3.1. Upload raw data from local folder.
3.1.1. Click on the button “Upload Data”, then “Choose local files”.
3.1.2. Select fastq files from your local folder.
3.1.3. Select the files and click “Start” to upload.
3.1.4. Check the status of data upload.
3.1.5. Build a list of Dataset Pairs (pairing the forward and reverse files into their
respective samples for batch analysis (Follow steps1, 2 and 3).
3.1.6. Create a collection of paired datasets.
3.1.6. Create a collection of paired datasets - Cont.
3.1.7. Data collection will be created in history.
3.1.8. Import the reference data files from Shared Data folder following the steps 1-4
as shown below.
3.1.9. Select all files from the folder and Import them as Datasets to your current history following the steps 1-3 as shown below.
3.1.10. Click on WorkFlow tab from main menu, select and run the HepA_Genotyping_Reads workflow.
3.1.11. Select all the appropriate files from each dropdown menu and run workflow.
3.1.12. Once the workflow run is successful (Green status), results will appear in the history. Note: workflow takes approximately 5 – 10 minutes for the processing to complete.
3.1.13. Select and view the result files in the middle panel.
3.1.14. Download the result files to your local folder.
Results files include:
•Assembly with MEGAHIT: Metagenomic assemblies
•Report: Kraken2: Kraken2 reports
•Report_blasthits_Genotype: Reporting Best BLAST Hits against reference sequences
•HAV_genotyping_report: Final report contains QC stats and genotyping results
•HAV_contigs: HAV specific contigs extracted from metagenomics assembly
•Reference_query_phylogenetic_tree: Phylogenetic tree represents the input genomes along with the reference genomes from all groups .png format and .txt format.
3.2. Download data from SRA database.
You may also download raw data from SRA if you already submit it to the ViroTrakr, or from other Bioprojects in NCB. You need to get the SRR# or SRA accession# ready for the download.
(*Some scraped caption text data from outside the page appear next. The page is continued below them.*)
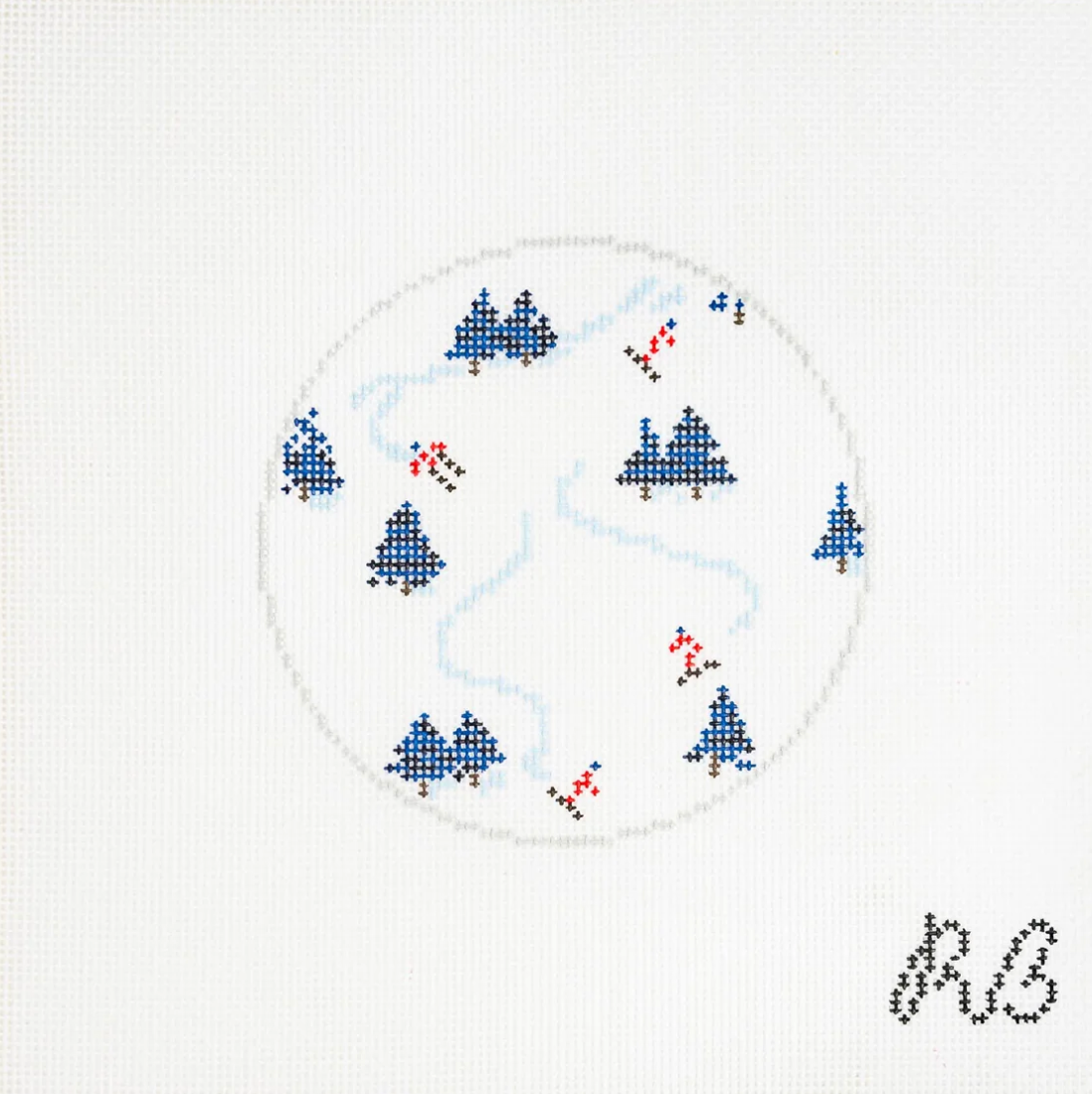 rachel barri Snowy Slopes Skiing Round needlepoint canvas
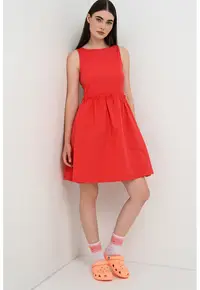Rochie mini din amestec de bumbac organic - Rosu cireasa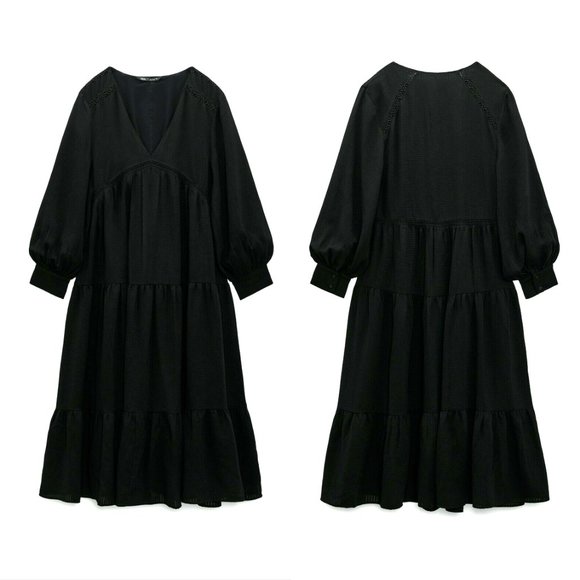 zara black layered dress Zara Black Layered Kids Dress 10 Girl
3.2.1. From “Get Data” on the left menu, select “Faster Download and Extract reads in FASTQ from NCBI SRA”, and select option by clicking on drop down menu, three options available: (1) “SRR accession” number(s); (2) “List of SRA accessions, one per line”; or (3) SRA archive in current history”. Click button “Execute” once the information is put in.
3.2.2. Data files will be downloading from NCBI SRA database. (Download time varies, depending on the number of files downloading and the NCBI server status).
3.2.3. Follow the steps from 3.1.8. to 3.1.14 to run the workflow and collect the results.
Upload assembled sequences.
This ViroTrakr workflow can be used with raw sequencing data, as well as assembled sequences
that you may already obtained with another platform and stored in your local folder.
4.1. Upload assembled sequences from local folder.
4.1.1. Click on the button “Upload Data”, “Choose local files”, then click the button “Start”.
4.1.2. Check the status of data upload.
4.1.3. Create a dataset list.
1.click on Checkbox; 2. Click on All to select all the assemblies; 3. click on Drop down on for all selected. 4. Select Build Dataset List.
4.1.4. Build Dataset list on selected samples.
4.1.5. Follow the steps from 3.1.8. to 3.1.14 to run the workflow and collect the results.